1.

When a thermodynamic system is taken from an initial state I to a final state F along the path IAF, as shown in Fig. the heat energy absorbed by the system is `Q = 55 J` and work done by the system is `W = 25 J`. If the same system is taken along the path IBF, the value of `Q = 35 J`. (a) If `W = - 15 J` for the curved path FI, how much heat energy is lost by the system along this path ? (b) If `U_(1) = 10 J`, what is `U_(F)` ? (d) If `U_(B) = 20 J`, what is Q for the process BF and IB ?

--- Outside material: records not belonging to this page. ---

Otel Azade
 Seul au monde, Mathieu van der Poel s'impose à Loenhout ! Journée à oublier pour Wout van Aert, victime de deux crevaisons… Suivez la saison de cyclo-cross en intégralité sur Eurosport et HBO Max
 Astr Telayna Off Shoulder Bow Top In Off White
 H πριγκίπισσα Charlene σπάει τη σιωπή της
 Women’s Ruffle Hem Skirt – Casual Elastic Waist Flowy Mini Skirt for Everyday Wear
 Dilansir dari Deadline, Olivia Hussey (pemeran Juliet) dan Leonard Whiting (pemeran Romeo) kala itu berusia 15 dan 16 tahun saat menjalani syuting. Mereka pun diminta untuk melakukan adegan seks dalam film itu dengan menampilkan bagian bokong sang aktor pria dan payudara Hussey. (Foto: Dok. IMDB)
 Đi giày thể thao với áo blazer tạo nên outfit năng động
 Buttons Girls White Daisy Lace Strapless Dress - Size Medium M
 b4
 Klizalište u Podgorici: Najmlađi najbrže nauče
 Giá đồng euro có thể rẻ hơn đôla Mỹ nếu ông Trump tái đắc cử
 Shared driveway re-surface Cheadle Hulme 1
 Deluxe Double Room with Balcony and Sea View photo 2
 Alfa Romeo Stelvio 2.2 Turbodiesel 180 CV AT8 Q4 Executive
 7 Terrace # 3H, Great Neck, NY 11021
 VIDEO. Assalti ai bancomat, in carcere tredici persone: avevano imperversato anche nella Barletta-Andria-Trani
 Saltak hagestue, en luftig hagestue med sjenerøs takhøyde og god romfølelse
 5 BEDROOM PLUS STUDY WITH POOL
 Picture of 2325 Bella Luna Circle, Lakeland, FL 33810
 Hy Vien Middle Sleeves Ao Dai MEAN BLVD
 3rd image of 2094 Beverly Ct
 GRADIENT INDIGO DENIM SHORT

Answer» The first law of thermodynamics states that
`Delta Q = Delta U + Delta W` or `Q = (U_(F) - U_(I)) + W`
Here `U_(I)` and `U_(F)` are the internal energies in the initial and the final state, respectively. Given that for path `IAF, Q = 55 J` and `W = 25 J`. Therefore,
`Delta U = U_(F) - U_(I) = Q - W = 55 - 25 = 30 J`
The internal energy is independent of the path, it depends only on the initial and final states of the system. Thus, the internal energy between I and F states is 30 J irrespective of the path followed by the system.
a. For path IBF, `Q = 35 J` and `Delta U = 30 J`. Therefore, `W = Q - Delta U = 35 - 30 = 5 J`
b. `W = - 15 J`, but `Delta U = - 30 J`. Therefore, `Q = W + Delta U = - 15 - 30 = - 45 J`.
Given `U_(I) = 10 J`. Therefore, `U_(F) = Delta U + U_(I) = 30 + 10 = 40 J`.
d. The process BF is isochoric, i.e., the volume is constant. Hence,
W = 0. Therefore, `Q = (Delta U)_(BF) = U_(F) - U_(B) = 40 - 20 = 20 J`.
The process IB is isobaric (constant pressure). Therefore.
`Q = (Q)_(IBF) - (Q)_(BF) = 35 - 20 = 15 J`.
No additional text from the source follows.